8. View Plate 30: Procyonidae

Mountain Coati

Nasuella olivacea

French: Coati des montagnes / German: Berg-Nasenbar / Spanish: Coati oliva

Taxonomy. Nasua olivacea Gray, 1865 ;

Santa Fé de Bogota, Colombia.

Three subspecies recognized.

Subspecies and Distribution.

N. o. olivacea Gray, 1865 — Colombia.

N. o. meridensis Thomas, 1901 — Venezuela.

N. o. quitensis Lonnberg, 1913 — Ecuador. View Figure

Descriptive notes. Head-body 36-39 cm, tail 20-24 cm; weight 1.1-5 kg. Roughly half the size of Nasua , the Mountain Coati has a gray-brown back and 6-8 bands on the tail. Its snout is more elongated and comes to a sharper point than in other coati species, and the tip of its nose is naked.

Habitat. Montane forests above 2000 m.

Food and Feeding.

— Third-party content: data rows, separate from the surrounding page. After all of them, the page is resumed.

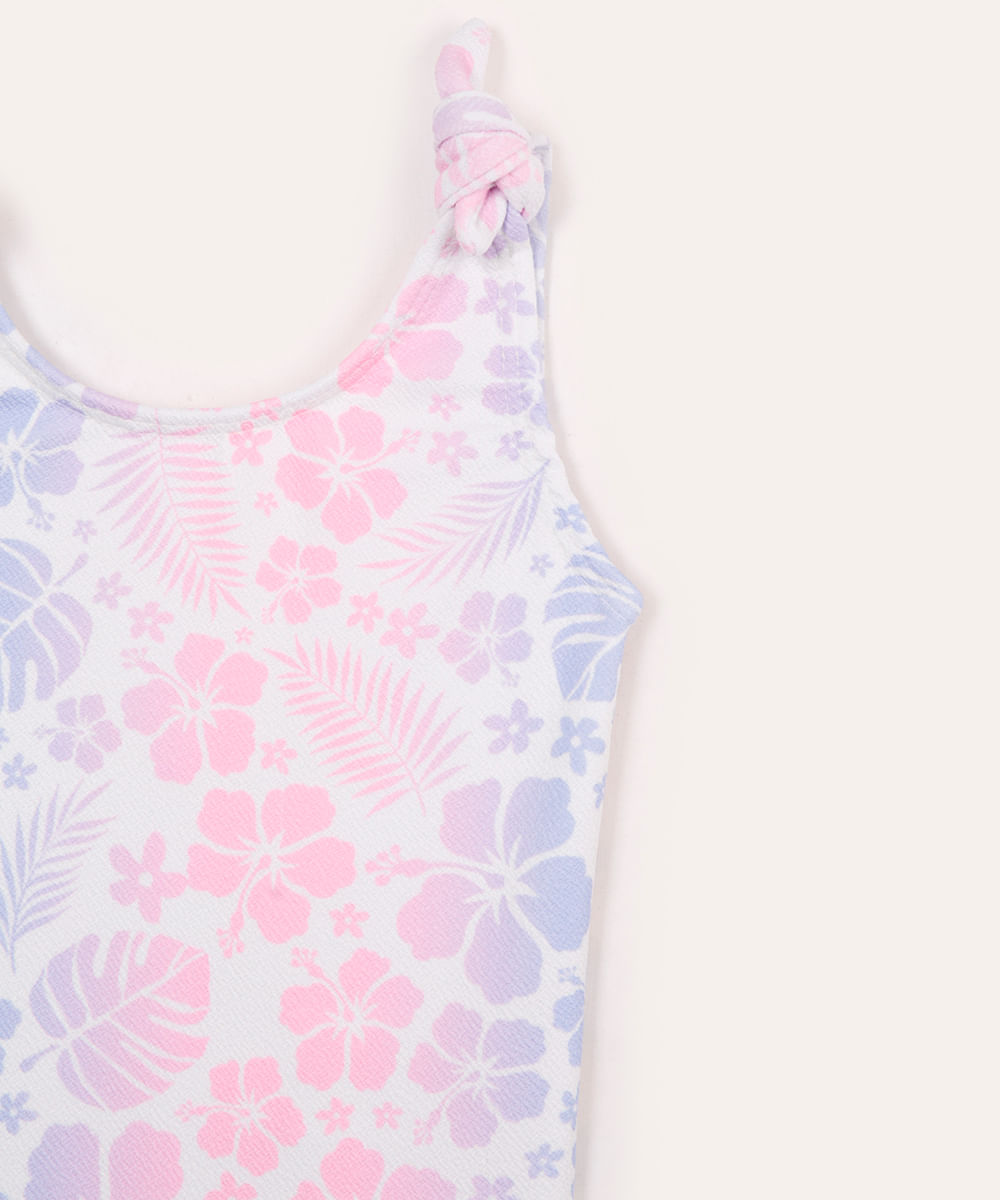 maiô infantil alça com amarração floral proteção uv colorido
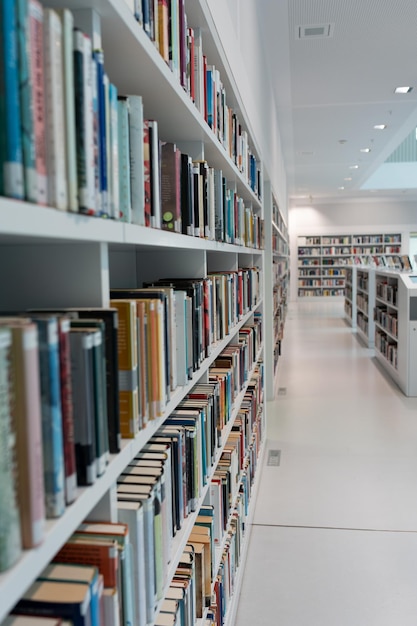 Librerie bianche nella biblioteca su cui ci sono molti libri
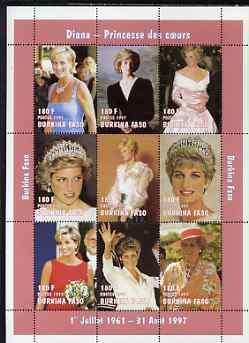 Burkina Faso 1997 Princess Diana #1 perf sheetlet contain...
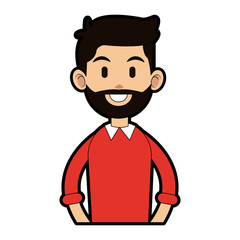 Young man cartoon icon vector illustration graphic design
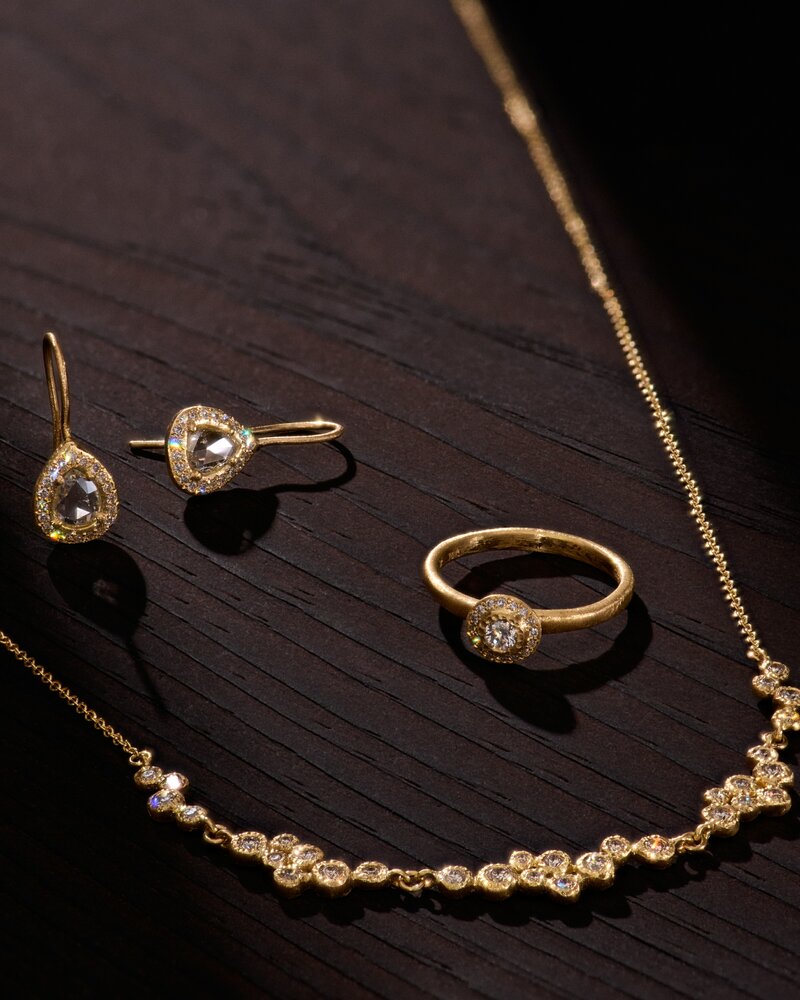 Yasuko Azuma 18k, Rose Cut Diamond Halo Earrings	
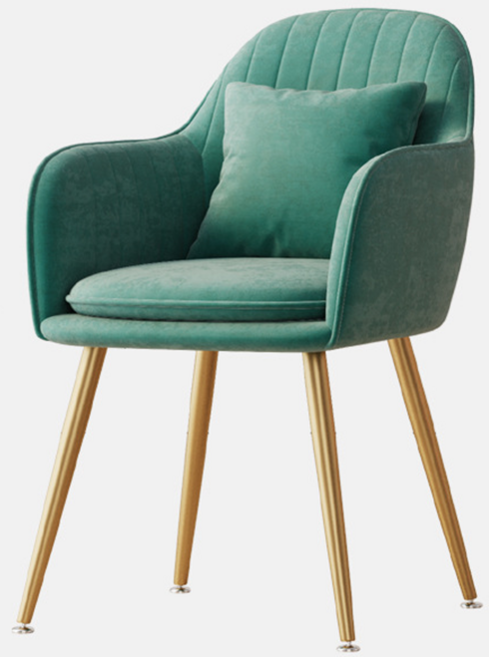 好的家居 北歐輕奢餐椅 化妝椅 扶手椅 INS網美, 綠【送抱枕】, 1件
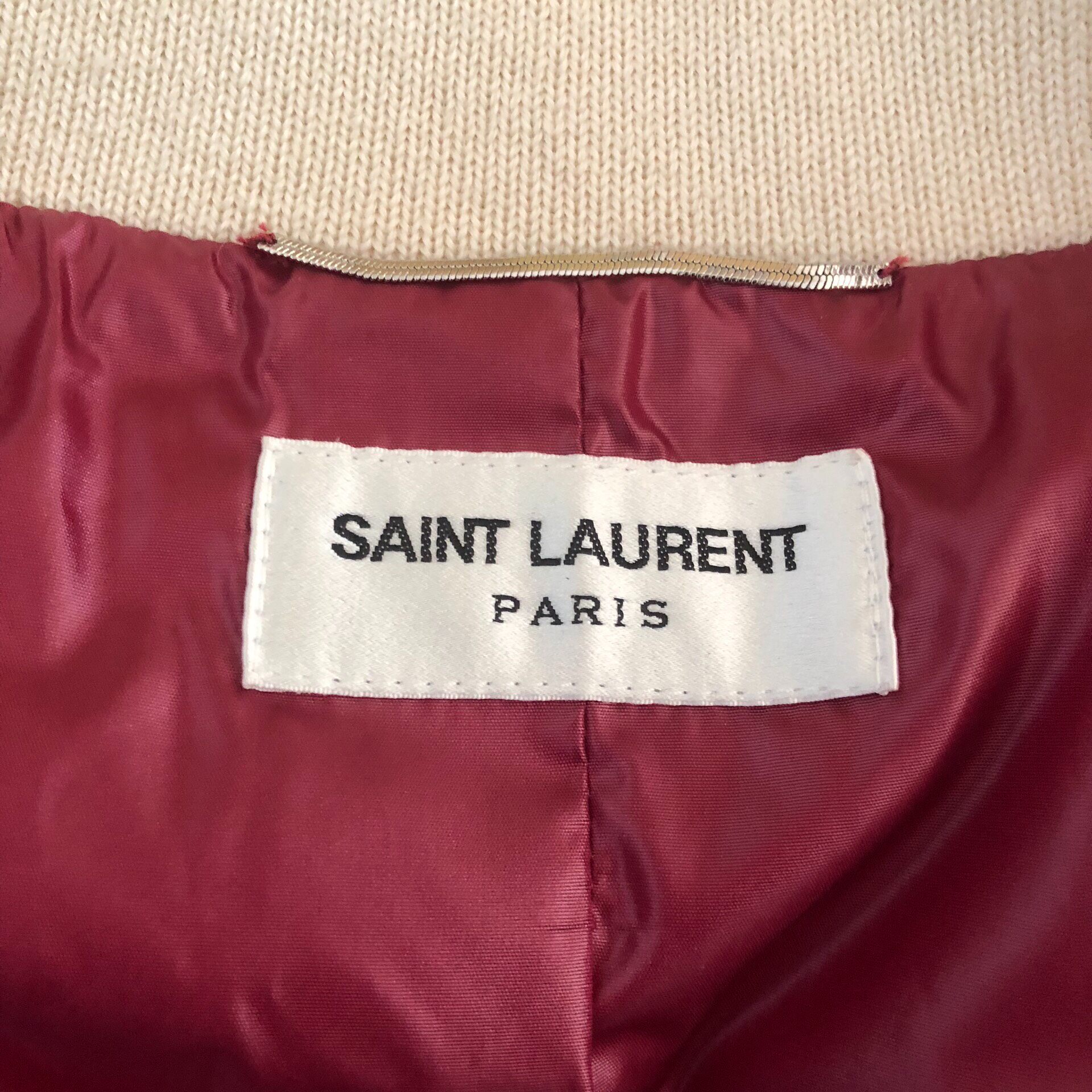 Saint Laurent Burgundy Baseball Jacket — front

Primarily insectivorous, all 54 scat samples analyzed in Colombia contained insects, especially Coleoptera (41%), Orthoptera, Myriapoda, and Hymenoptera. Vertebrates and fruits were also eaten, each representing about 7% of the diet. Although all coati species find food on the forest floor, Mountain Coatis appear to be unique in leaving behind many small holes as they forage, with as many as 5000 being observed in one heavily foraged 35 m ® area. This may be related to their more elongated, sharper snouts.

Activity patterns. From anecdotal reports, Mountain Coatis appear to be primarily diurnal and terrestrial, but this has not been studied in detail.

Movements, Home range and Social organization. Because Mountain Coatis are sometimes seen in groups, and sometimes alone, they are presumed to have a social organization similar to other coatis, but there have been no studies on their behavior or movement patterns.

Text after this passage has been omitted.